Your assignment | Write out every line from the listing below where the string "Square" is found.

Records supplied |
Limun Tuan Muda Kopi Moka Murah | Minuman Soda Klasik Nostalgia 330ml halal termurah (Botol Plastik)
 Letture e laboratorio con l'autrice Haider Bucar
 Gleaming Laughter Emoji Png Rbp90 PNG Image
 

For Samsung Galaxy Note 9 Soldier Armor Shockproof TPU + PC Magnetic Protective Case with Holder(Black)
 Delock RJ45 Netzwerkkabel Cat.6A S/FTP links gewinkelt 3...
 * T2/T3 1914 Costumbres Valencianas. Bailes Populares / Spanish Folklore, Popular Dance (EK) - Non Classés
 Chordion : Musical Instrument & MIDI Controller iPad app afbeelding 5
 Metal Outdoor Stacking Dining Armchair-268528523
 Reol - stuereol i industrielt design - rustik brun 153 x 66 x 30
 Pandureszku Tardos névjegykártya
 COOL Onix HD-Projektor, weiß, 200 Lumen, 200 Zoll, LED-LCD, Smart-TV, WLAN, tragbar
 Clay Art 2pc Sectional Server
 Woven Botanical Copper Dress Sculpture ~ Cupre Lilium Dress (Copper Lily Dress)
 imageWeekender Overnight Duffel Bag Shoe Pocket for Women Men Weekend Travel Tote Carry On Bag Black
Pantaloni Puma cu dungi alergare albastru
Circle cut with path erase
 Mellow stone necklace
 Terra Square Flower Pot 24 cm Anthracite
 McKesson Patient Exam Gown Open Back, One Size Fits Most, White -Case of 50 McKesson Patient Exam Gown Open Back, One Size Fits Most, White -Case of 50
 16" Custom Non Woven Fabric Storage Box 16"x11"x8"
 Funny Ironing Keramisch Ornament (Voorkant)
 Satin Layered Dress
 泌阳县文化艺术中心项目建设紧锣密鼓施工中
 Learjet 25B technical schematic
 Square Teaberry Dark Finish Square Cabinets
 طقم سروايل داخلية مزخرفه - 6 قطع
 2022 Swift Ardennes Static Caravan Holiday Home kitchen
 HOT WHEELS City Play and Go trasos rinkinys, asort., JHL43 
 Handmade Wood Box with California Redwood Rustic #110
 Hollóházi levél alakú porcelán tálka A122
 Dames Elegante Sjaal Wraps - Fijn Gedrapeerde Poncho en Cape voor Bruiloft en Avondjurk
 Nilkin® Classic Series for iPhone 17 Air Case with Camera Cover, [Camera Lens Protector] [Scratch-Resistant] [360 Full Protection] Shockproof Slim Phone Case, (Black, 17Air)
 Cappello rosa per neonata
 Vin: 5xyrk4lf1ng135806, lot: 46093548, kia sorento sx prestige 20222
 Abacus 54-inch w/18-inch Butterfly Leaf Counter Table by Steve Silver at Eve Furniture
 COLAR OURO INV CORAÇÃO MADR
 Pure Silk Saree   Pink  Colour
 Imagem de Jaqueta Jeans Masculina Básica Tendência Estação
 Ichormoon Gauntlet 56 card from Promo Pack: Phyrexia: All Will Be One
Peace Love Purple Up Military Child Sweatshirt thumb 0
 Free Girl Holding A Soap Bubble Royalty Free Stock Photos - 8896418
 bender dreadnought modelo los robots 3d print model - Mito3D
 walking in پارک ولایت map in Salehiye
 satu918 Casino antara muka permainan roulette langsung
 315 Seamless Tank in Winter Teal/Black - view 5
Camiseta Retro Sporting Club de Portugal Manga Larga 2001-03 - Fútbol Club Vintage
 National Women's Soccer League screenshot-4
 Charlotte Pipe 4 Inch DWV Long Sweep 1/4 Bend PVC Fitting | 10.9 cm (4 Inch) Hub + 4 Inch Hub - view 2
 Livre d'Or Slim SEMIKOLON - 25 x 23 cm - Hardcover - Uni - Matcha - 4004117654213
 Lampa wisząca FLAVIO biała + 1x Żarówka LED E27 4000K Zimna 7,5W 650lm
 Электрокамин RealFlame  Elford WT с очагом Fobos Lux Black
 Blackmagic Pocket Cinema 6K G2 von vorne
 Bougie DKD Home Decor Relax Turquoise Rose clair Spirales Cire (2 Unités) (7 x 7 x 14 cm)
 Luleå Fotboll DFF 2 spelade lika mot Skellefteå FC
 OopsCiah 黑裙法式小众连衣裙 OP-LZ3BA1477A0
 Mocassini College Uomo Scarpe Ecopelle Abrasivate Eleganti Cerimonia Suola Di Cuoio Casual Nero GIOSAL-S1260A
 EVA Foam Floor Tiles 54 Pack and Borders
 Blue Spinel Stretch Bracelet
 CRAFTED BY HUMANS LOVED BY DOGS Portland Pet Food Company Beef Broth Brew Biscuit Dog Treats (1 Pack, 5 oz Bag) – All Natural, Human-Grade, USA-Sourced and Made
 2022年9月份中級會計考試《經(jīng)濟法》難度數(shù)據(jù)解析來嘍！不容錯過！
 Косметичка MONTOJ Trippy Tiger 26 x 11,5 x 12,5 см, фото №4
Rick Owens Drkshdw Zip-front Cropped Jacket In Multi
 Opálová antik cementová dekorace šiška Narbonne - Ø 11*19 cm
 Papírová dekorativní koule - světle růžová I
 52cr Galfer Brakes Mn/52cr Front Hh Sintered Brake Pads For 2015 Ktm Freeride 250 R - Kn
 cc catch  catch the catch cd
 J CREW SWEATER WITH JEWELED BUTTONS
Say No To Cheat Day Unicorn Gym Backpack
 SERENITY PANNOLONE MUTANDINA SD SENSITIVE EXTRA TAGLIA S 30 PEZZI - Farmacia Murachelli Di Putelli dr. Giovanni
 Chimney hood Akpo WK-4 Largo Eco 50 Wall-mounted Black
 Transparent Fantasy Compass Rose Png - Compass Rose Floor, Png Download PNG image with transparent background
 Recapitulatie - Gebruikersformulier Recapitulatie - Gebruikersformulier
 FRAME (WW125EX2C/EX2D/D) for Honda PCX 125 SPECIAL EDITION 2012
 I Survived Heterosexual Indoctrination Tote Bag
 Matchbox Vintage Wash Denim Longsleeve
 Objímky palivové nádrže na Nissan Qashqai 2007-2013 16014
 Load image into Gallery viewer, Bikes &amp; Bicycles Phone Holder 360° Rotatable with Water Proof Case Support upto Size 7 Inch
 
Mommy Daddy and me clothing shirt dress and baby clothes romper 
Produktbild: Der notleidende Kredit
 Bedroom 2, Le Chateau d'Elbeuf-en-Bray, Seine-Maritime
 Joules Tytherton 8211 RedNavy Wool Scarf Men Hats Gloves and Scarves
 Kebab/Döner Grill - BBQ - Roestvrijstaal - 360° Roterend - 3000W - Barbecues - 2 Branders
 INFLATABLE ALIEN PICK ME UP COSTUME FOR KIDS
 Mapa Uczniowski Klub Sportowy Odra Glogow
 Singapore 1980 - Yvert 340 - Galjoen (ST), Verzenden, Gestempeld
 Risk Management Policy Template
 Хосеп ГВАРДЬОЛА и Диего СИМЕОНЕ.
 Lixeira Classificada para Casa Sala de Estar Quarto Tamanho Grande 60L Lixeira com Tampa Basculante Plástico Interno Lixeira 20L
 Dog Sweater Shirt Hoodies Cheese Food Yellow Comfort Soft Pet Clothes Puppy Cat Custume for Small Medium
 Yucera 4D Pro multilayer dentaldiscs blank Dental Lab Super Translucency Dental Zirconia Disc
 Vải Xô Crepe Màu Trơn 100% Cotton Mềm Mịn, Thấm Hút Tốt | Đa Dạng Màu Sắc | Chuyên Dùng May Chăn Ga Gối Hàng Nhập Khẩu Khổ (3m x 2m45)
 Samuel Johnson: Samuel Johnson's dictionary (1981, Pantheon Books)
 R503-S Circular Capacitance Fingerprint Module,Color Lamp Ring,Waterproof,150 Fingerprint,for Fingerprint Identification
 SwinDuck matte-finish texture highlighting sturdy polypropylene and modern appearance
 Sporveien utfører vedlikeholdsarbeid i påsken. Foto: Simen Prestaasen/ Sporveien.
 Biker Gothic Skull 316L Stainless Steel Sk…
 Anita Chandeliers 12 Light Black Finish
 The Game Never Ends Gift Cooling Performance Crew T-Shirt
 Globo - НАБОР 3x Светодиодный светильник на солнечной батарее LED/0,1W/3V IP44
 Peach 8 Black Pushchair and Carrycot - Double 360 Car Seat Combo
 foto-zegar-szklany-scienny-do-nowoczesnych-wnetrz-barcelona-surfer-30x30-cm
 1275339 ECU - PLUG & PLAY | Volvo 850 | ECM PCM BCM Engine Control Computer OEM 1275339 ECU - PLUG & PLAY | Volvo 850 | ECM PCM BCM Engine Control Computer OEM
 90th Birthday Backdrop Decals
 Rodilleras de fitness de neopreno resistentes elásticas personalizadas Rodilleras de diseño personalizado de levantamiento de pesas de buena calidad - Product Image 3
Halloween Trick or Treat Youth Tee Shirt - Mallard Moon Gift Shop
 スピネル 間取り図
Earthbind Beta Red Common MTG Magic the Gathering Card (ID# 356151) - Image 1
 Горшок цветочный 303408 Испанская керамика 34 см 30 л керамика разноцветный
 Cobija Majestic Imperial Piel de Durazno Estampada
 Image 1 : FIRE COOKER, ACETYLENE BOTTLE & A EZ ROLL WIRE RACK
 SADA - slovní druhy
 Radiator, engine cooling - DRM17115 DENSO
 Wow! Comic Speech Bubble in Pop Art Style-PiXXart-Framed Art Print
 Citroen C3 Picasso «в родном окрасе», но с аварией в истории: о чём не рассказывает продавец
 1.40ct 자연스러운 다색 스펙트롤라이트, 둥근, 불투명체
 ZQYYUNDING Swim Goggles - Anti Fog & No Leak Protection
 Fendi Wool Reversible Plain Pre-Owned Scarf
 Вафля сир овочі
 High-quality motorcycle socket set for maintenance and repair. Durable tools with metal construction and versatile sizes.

Written answer |
 Terra Square Flower Pot 24 cm Anthracite
 Square Teaberry Dark Finish Square Cabinets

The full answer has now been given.